PROBLEM TO SOLVE :: The result should be an exact copy of only the lines from the one with "12 Gauge Light" through the last line of the data below, with pictures omitted.

ENTRIES SHOWN ::
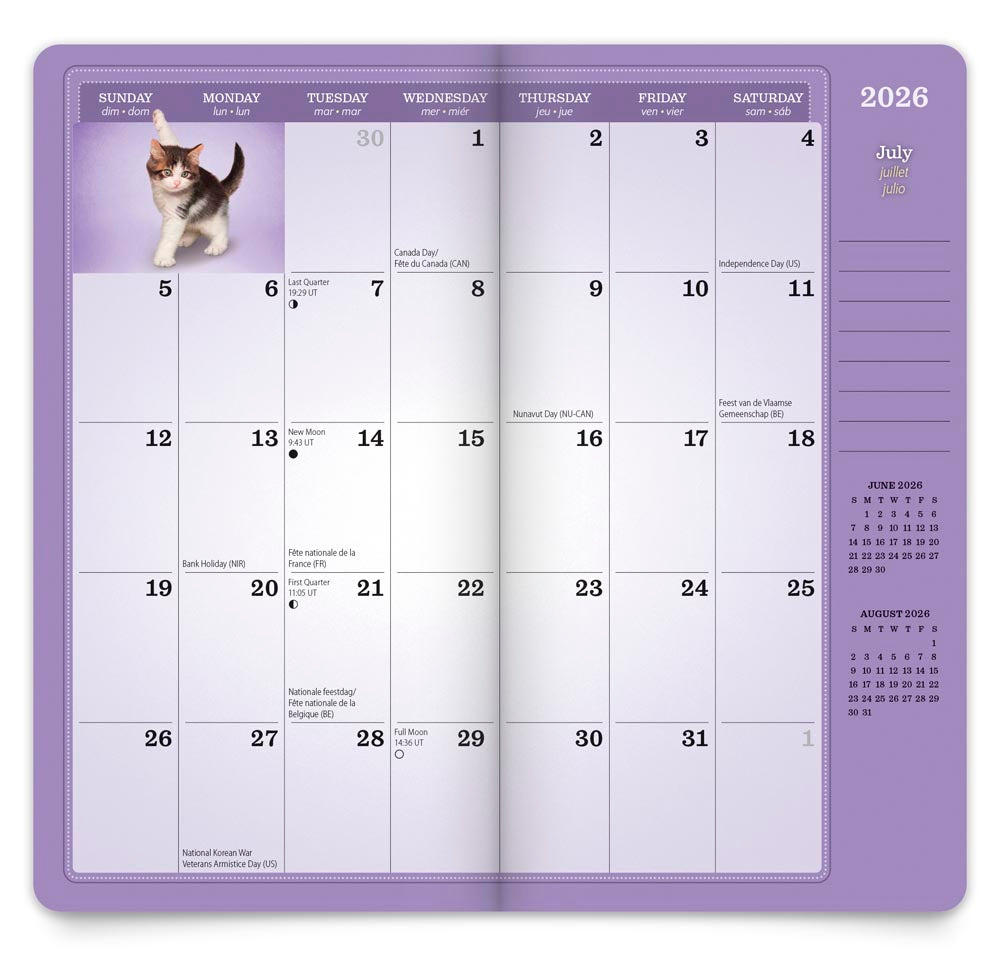 Yoga Kittens OFFICIAL | 2026-2027 3.5 x 6.5 Inch Two Year Monthly Pocket Planner Calendar
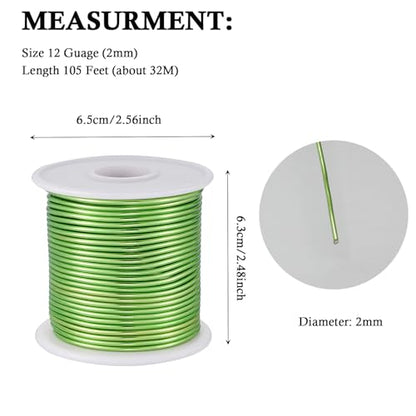 12 Gauge Light Green Aluminum Craft Wire (103.68 Foot)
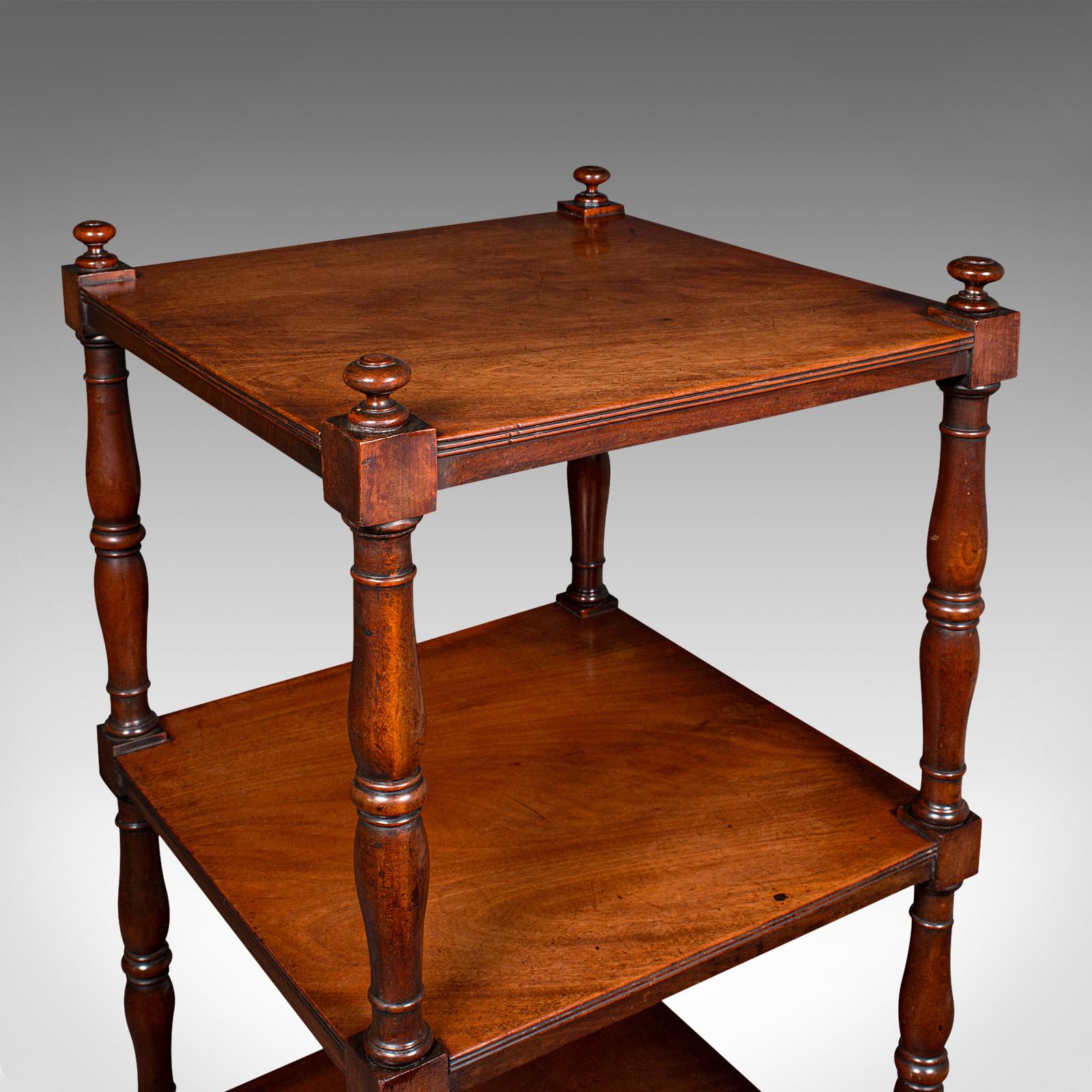 Antique 3 Tier Whatnot, English, Open Display Stand, Late Georgian, Circa 1800 For Sale 1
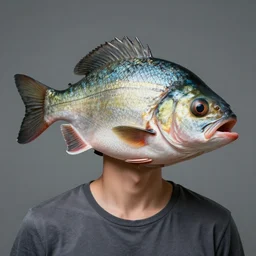 human with a realistic fish head instead of their head!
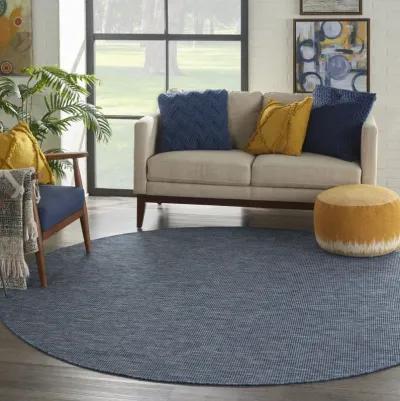 8' Round Power Loom Area Rug - Navy Blue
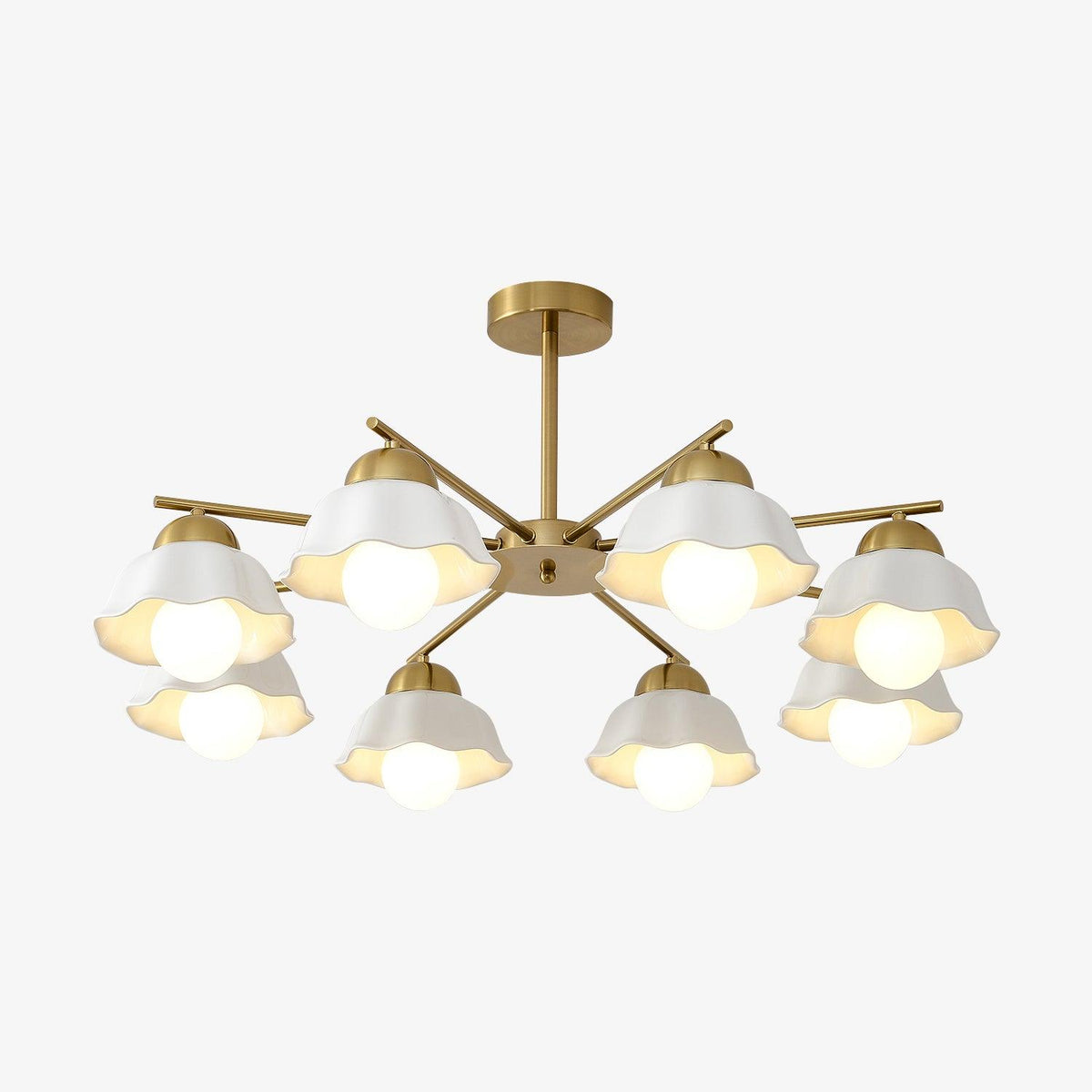 Zasila nordisk kunstnerisk keramisk loftslampe med blomsterskærm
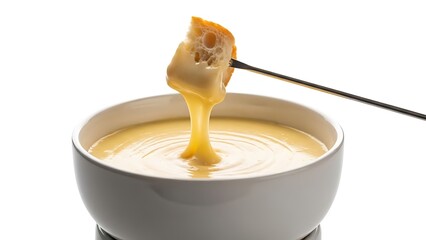 Piece of bread dipped in melted cheese fondue on a fork over a white bowl dipping bread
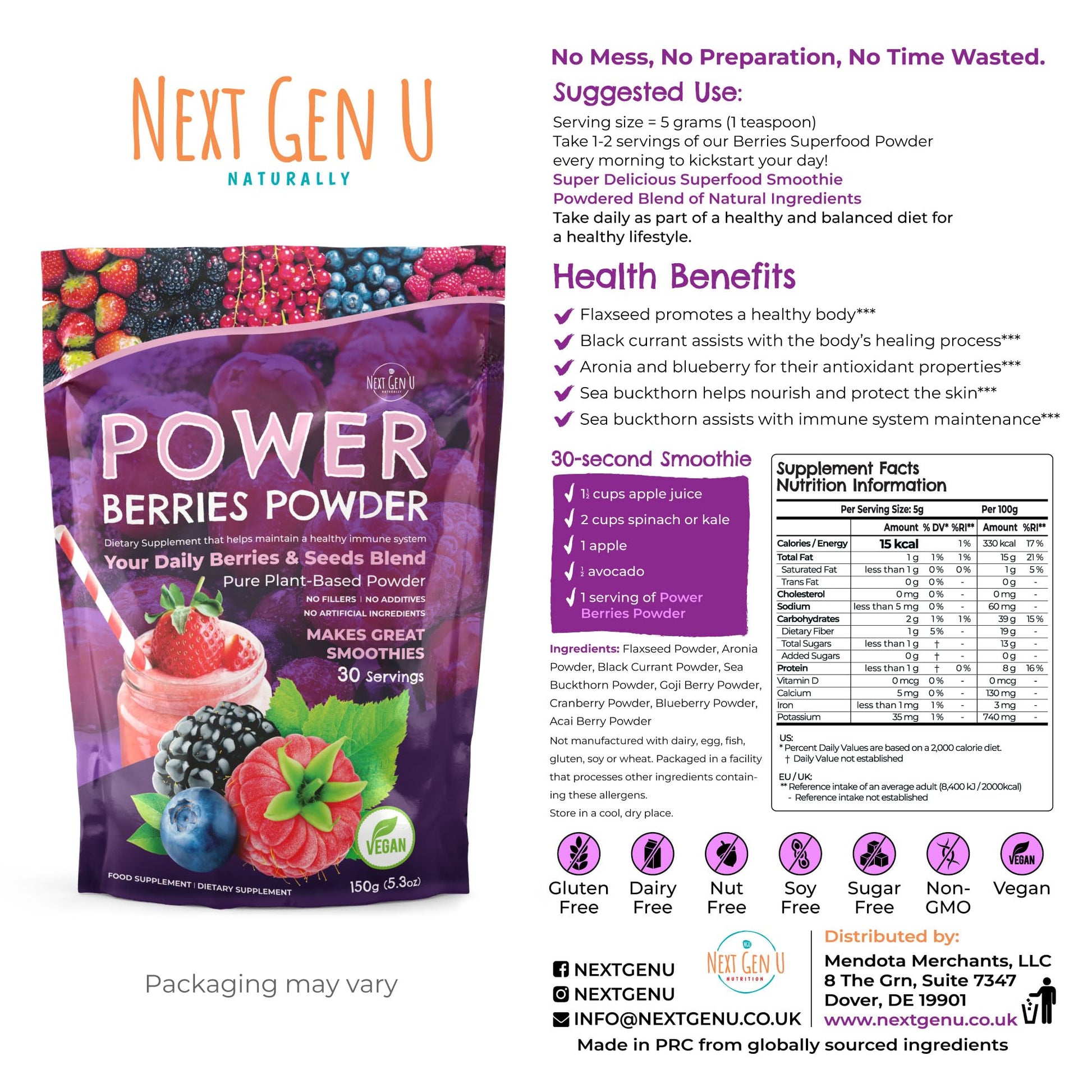 Super Berry Powder - 150g - Immune Support - Food Supplement - Superfood Berries - Smoothie Mix for Shakes - Healthy Boost for Detox Juice Beverages or Any Drink - by NextGenU NGU Next Gen U buy supplements canada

OUTPUT OF THE TASK ::
 12 Gauge Light Green Aluminum Craft Wire (103.68 Foot)
 Antique 3 Tier Whatnot, English, Open Display Stand, Late Georgian, Circa 1800 For Sale 1
 human with a realistic fish head instead of their head!
 8' Round Power Loom Area Rug - Navy Blue
 Zasila nordisk kunstnerisk keramisk loftslampe med blomsterskærm
 Piece of bread dipped in melted cheese fondue on a fork over a white bowl dipping bread
 Super Berry Powder - 150g - Immune Support - Food Supplement - Superfood Berries - Smoothie Mix for Shakes - Healthy Boost for Detox Juice Beverages or Any Drink - by NextGenU NGU Next Gen U buy supplements canada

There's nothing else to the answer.